Le but est de faire une expo, sortir un livre et faire de l’affichage sauvage à Paris avec des photos issues de la série. J’aimerais aussi qu’il y ait des QR codes qui mènent vers des liens pour sensibiliser à la santé mentale. Je vais devoir faire une campagne de crowdfunding avec un objectif de 10 000 euros pour couvrir les tirages de l’expo, payer les éventuels set designers, le lieu qui accueillera l’expo, l’affichage sauvage, l’éditeur et l’impression du livre.

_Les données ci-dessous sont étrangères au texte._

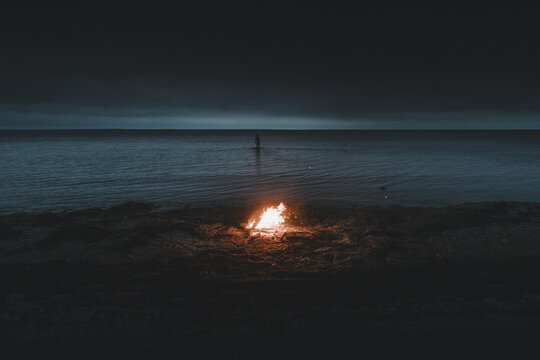 Laane County, Estonia - 26 August 2023: View of a bonfire burning on the rocky shore of Vormsi at night, with a lone person standing in the calm sea under a dark sky.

A. : Peux-tu nous parler de Marelle, ce compte instagram que tu viens de lancer ?

E. : Pour l’instant, j’ai créé ce compte Insta sur lequel je poste régulièrement des photos d’inspiration de photographes, de créateurs de mode, de designs graphiques. L’objectif est d’atteindre les 1000 followers. J’ai créé un Discord avec des personnes qui sont intéressées pour écrire des articles sur des designers par exemple. Là, on va sortir deux interviews de deux jeunes créateurs auxquels j’ai proposé de shooter leurs pièces pour illustrer les interviews. Ensuite, j’aimerais ouvrir un site web. Mais, j’ai besoin d’avoir des rédacteurs qui veulent écrire sur la mode, les photographes ou des sujets d’actualité. J’adorerais aborder la Fashion Week car c’est un milieu que j’adore et vers lequel je voudrais m’orienter. Et à terme, quand il y aura assez de gens qui suivront le projet et qui seront intéressés, j’aimerais faire un magazine papier auto-produit.

A. : Pour terminer, quelle est ta définition d’un.e artiste ?

E. : C’est quelqu’un qui a une imagination de fou, et qui fait tout pour créer ce que son imagination lui dicte.